Rozzo e di buon cuore, l’uomo (che segue il Green Book del titolo per portare Don nei luoghi dove gli afro-americani possono essere accolti senza problemi) s’affeziona al pianista durante la discesa nel Sud degli Stati Uniti. Più loro s’inoltrano nella provincia più vengono investiti dalla diffidenza e dal razzismo dei locali. La presenza sanguigna di Tony apre Don, omosessuale e solitario di natura, al mondo; la raffinatezza del pianista fa crescere umanamente la sboccata creatura del Bronx.
Farrelly sa dirigere gli attori e quali tasti toccare per ingraziarsi il pubblico. Lo sa così bene che il lavoro finale risulta meccanico e forzato a lungo andare: il piacere di molte scene e battute viene raggelato dalla mancanza di naturalezza.
Ciò che insospettisce in questo film ruffiano è anche il suo tempismo: data l’ondata di politicamente corretto che attraversa l’Hollywood attuale, potrebbe non essere inopportuna la sensazione d’essere di fronte ad un film su commissione.

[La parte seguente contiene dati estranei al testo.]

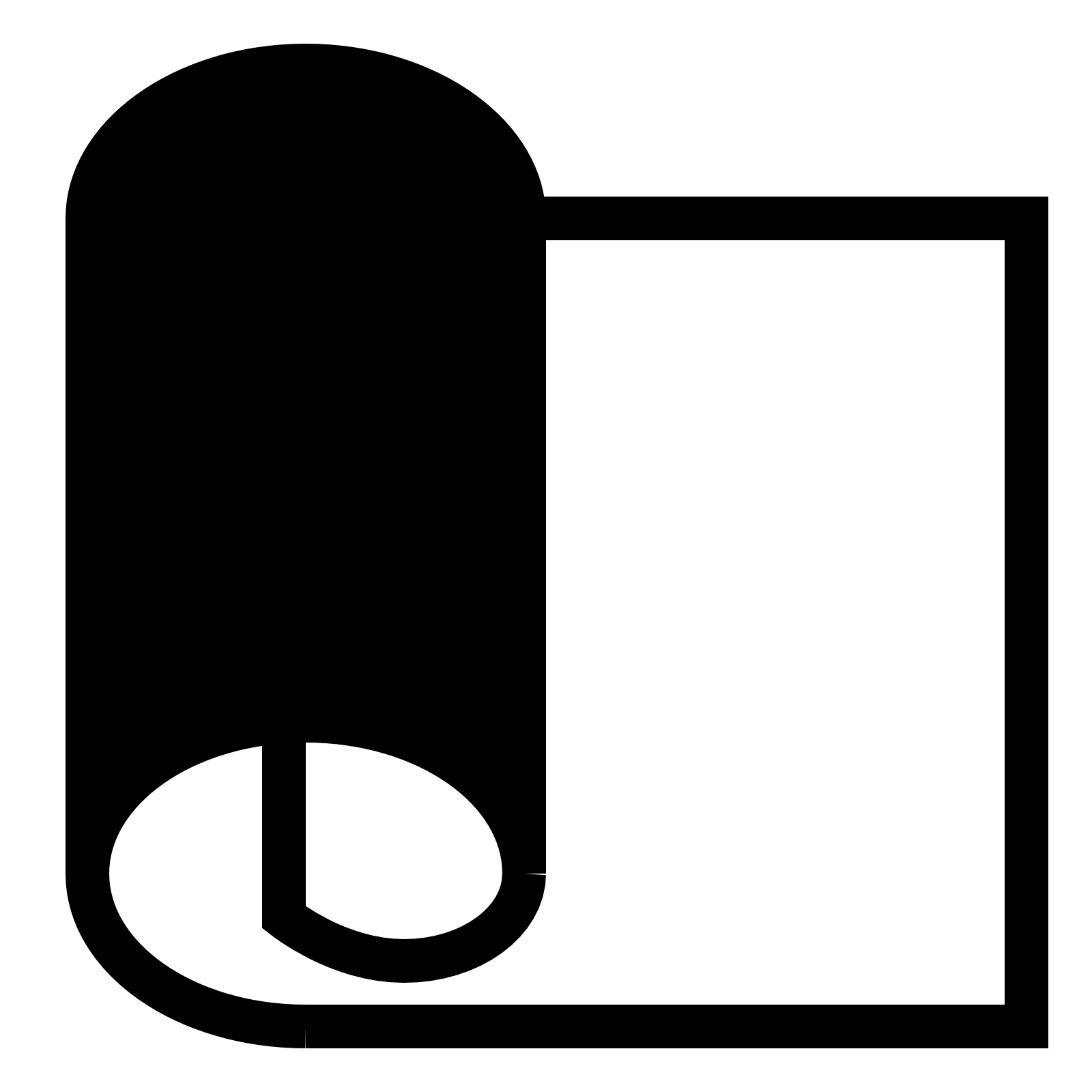 Galvanized and HRC Sheets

Un punto forte del film è certo la simpatia del personaggio di Mortensen, la cui bravura invita a guardare il film in lingua originale. La verve tutta italo-americana sfoggiata dall’attore è una delle poche note frizzanti e genuine del film, perfetta nella capacità di unire energia e trivialità. Applausi e risate per Tony Lip non sono sprecati di certo.